Princeton janitor brings clean water to hometown in Haiti

Keeping the dormitories and lecture halls spotless for Ivy League students has been his livelihood since Lajeunesse moved to the United States as a young man. He works two jobs to support his family: janitor by day, taxi driver by night.

But it’s what he’s done thousands of miles away that will amaze you most.

There is a part of all of us that hangs on to where we are from, that wants to help those we leave behind. For Lajeunesse, that desire consumes him. Though he lives in New Jersey, his heart and mind are never far from Haiti, where he was born.

In November we traveled to Haiti, the poorest country in the Western Hemisphere, with Lajeunesse. We were on a journey to his hometown of La Source, a tiny village in the mountains to the south of the island nation.

It’s clear he has no idea how much he has eased their suffering, and in a way, given them a gift greater than water.
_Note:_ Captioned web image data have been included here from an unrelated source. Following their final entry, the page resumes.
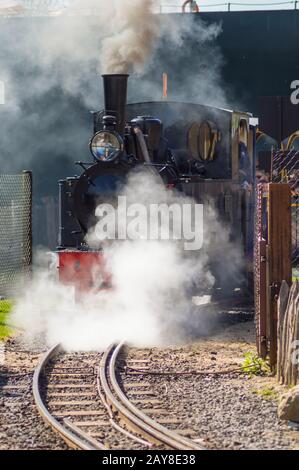 Departure of a steam locomotive in a cloud of smoke and steam Stock Photo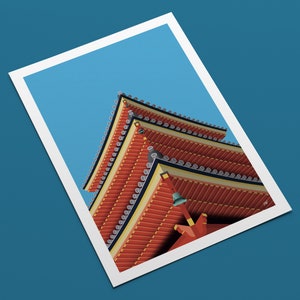 May include: A close-up view of a red and gold pagoda roof with intricate details. The roof is layered and has a series of decorative bells hanging from the eaves.
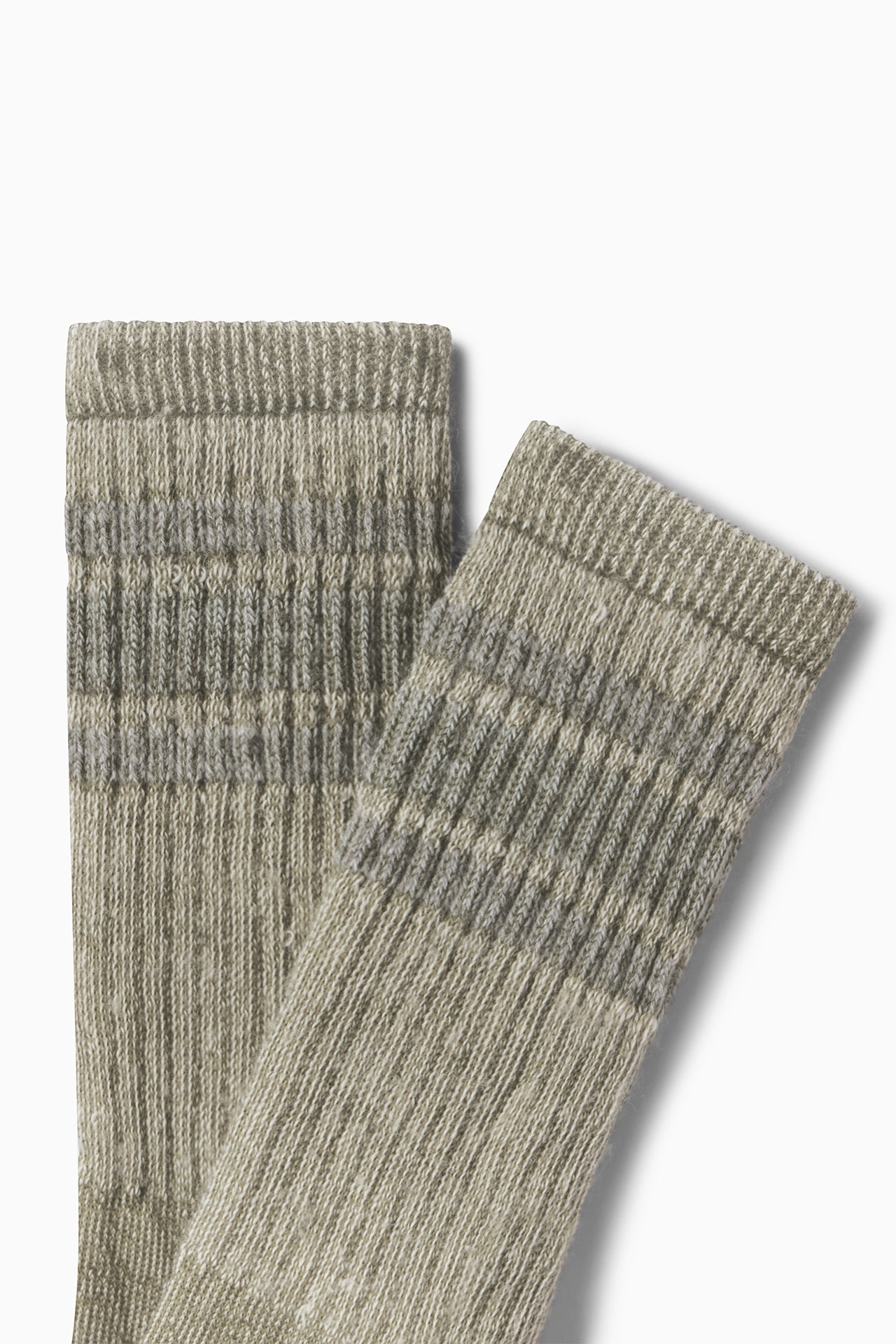 Close up flat lay side view of the crew-style ribbed and soft heathered olive Merino Stripe Sock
“The government cannot do everything,” Lajeunesse says emphatically as we walk through La Source, dodging the rain under the canopy of trees. “The Haitian … population needs to take the responsibility. Everybody, you know, can help, can put hands together, all of us. Because this is our country.”

As he wraps up another janitorial shift on Princeton’s campus and clocks out in the bitter cold of a January afternoon, Lajeunesse leaves us with this:

“If I can work another two jobs again to change the community and the life of the kids for the next generation, I will. I will do it with happiness.”